*** INPUT

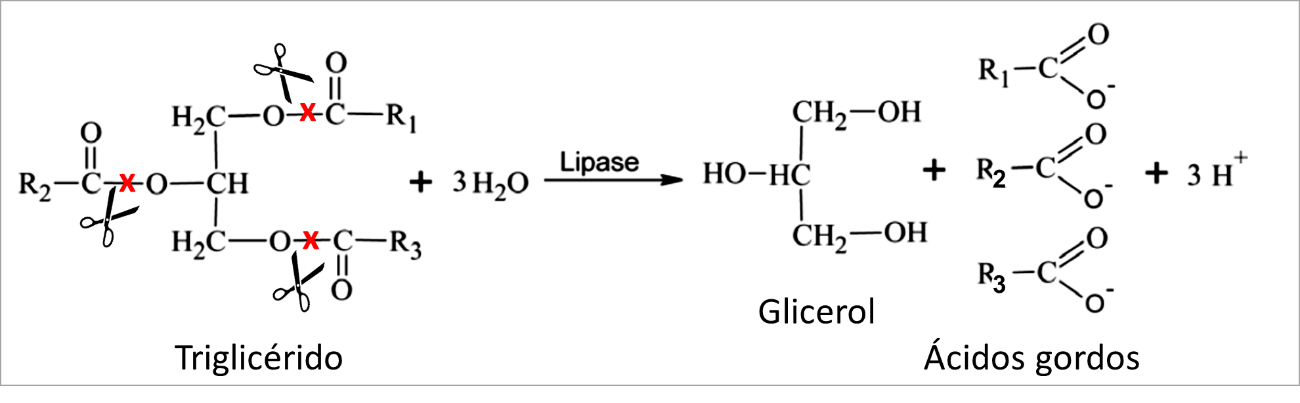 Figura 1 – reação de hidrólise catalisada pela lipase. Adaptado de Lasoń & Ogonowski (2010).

******
*** INPUT

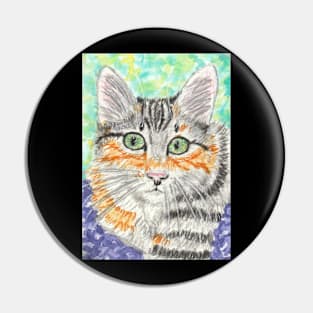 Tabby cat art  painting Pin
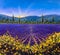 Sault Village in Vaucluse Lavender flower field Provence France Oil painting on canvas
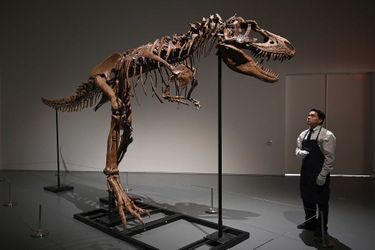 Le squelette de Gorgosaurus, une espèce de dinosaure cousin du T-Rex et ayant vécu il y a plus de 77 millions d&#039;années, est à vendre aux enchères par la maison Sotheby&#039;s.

******

**TASK REQUIREMENTS**
Among the lines above, the one with "Tabby cat art" opens the part to repeat and the one with "Le squelette de" closes it; repeat only that part exactly, with no pictures.

**RESPONSE AREA**
 Tabby cat art  painting Pin
 Sault Village in Vaucluse Lavender flower field Provence France Oil painting on canvas
 Le squelette de Gorgosaurus, une espèce de dinosaure cousin du T-Rex et ayant vécu il y a plus de 77 millions d&#039;années, est à vendre aux enchères par la maison Sotheby&#039;s.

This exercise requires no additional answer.